How do you get the clock recessed in the wood? Looks good and I have a nice piece of wood for this.


----------



## bill (May 21, 2004)

Profish00 said:


> How do you get the clock recessed in the wood? Looks good and I have a nice piece of wood for this.


I used a Forstner bit. The hard part for me was to secure the piece using towels so the vise would not scratch the wood finish. I marked the bit with tape so I knew how deep to drill. Made several dry fits and it was all done. The first one I glued into place LOL Then 30 minutes later remembered these used batteries LOL The others I just made sure it was a tight fit so the batteries could be replaced.

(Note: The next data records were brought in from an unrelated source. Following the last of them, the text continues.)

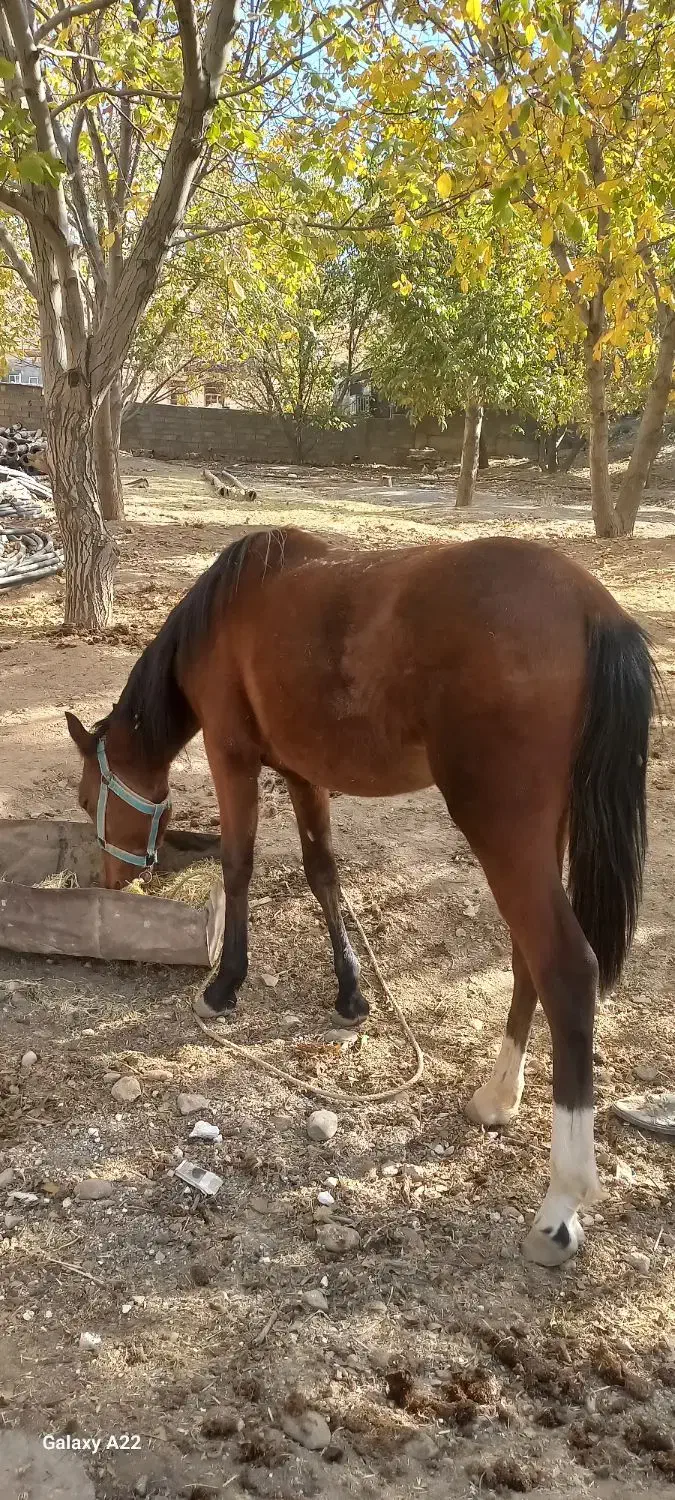 کره مادیون|اسب و تجهیزات اسبسواری|زاغه, |دیوار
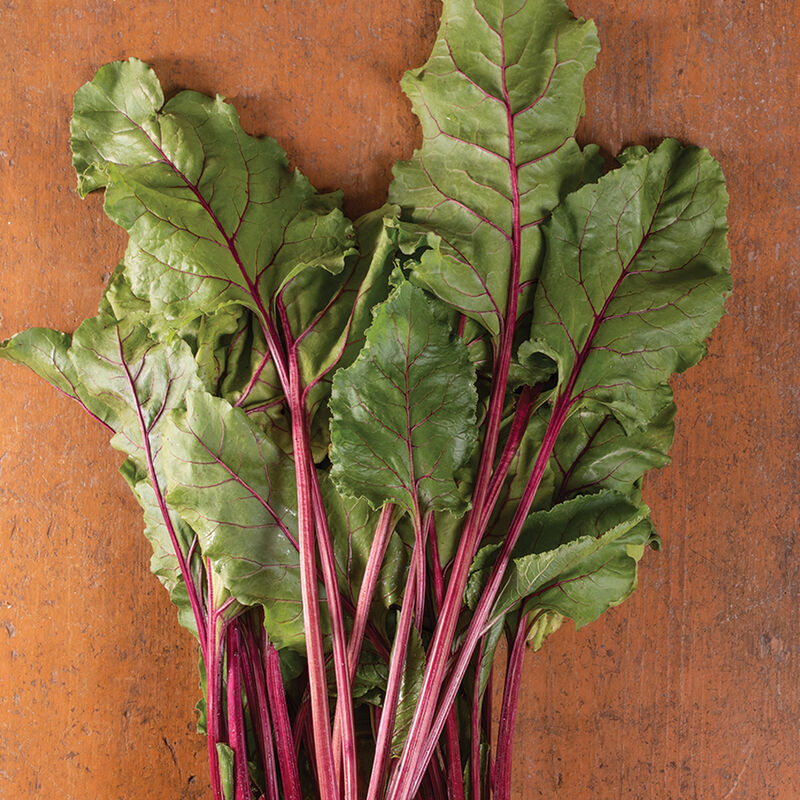 Top Early Wonder Beet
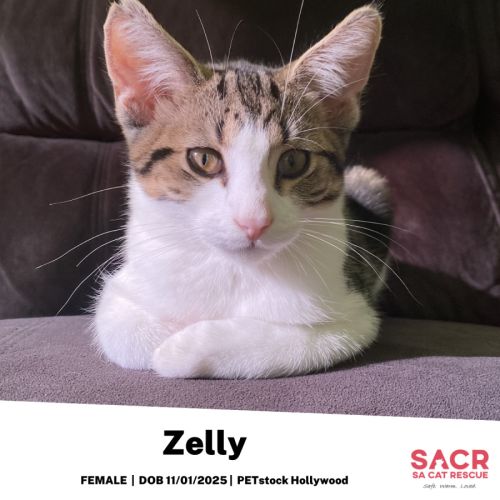 Zelly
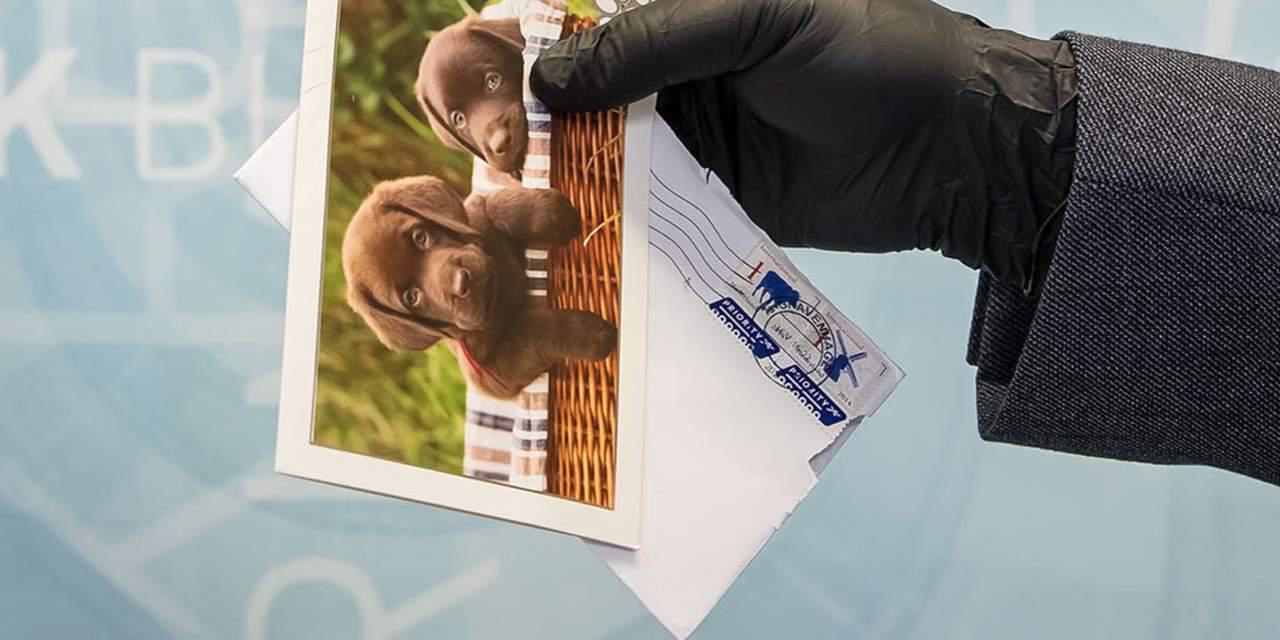 Blüten aus dem Darknet – Das Magazin Des Innenministeriums – pagestrip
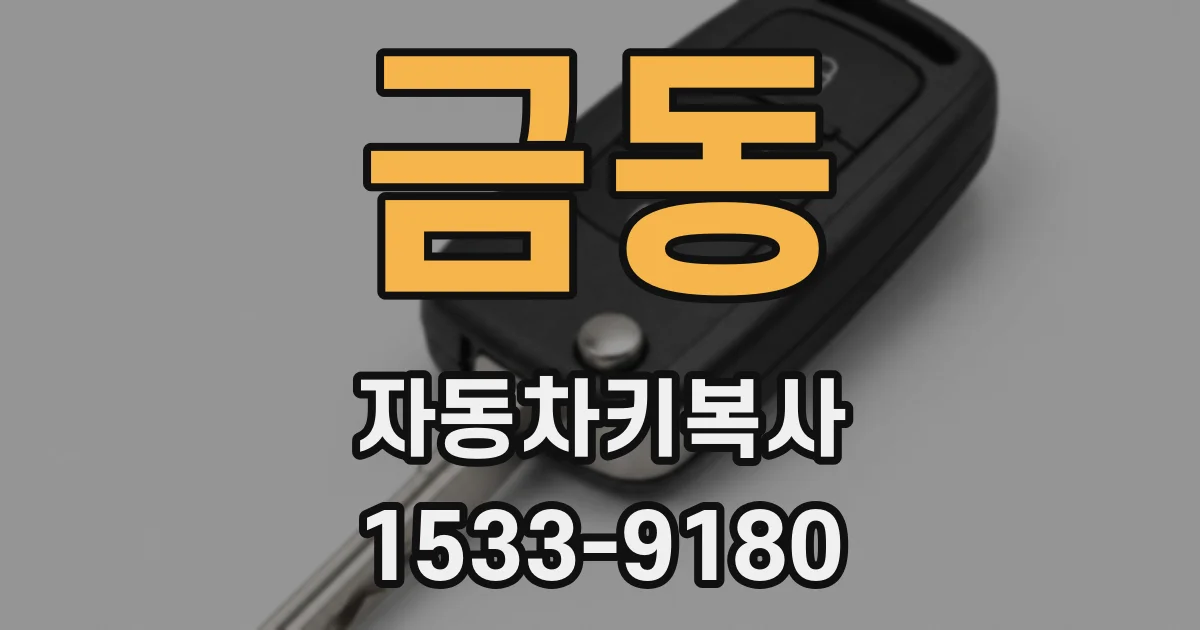 금동 자동차키복사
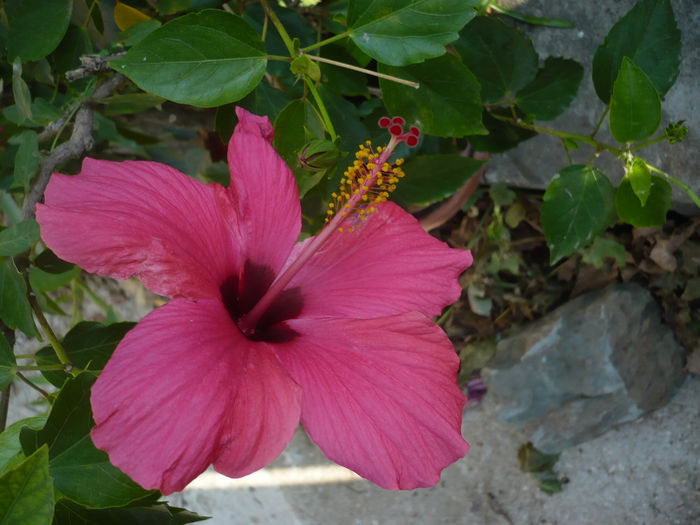 P1240043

The wood I'm looking for to make the wall clocks differ. One of the mistletoe would look good but any large enough so I can cut out shapes woud also be fine. My wife wants one for the kitchen in the shape of Texas. They only need to be 1/2 inch thick.


----------



## 3192 (Dec 30, 2004)

After a lot of trial and error, I came up this this method of drilling in those round projects. I clamp a sacrificial board to the drill press and run the Forstner bit about 3/8" deep. This hole will 'index' and center the hole for the clock kit. To knock down the edge for the clock to fit properly...I keep the same set up and run a sanding disk to face a small face/lip. It's a fun, fast and cheap project...pefect for those quick gifts. gb

ps...It's HOT, HOT, HOT in that shop!


----------



## Flat Fish (Jun 18, 2005)

Great tip on the sacrificial board and sanding disk. It is nice to see how these great pieces are made.


----------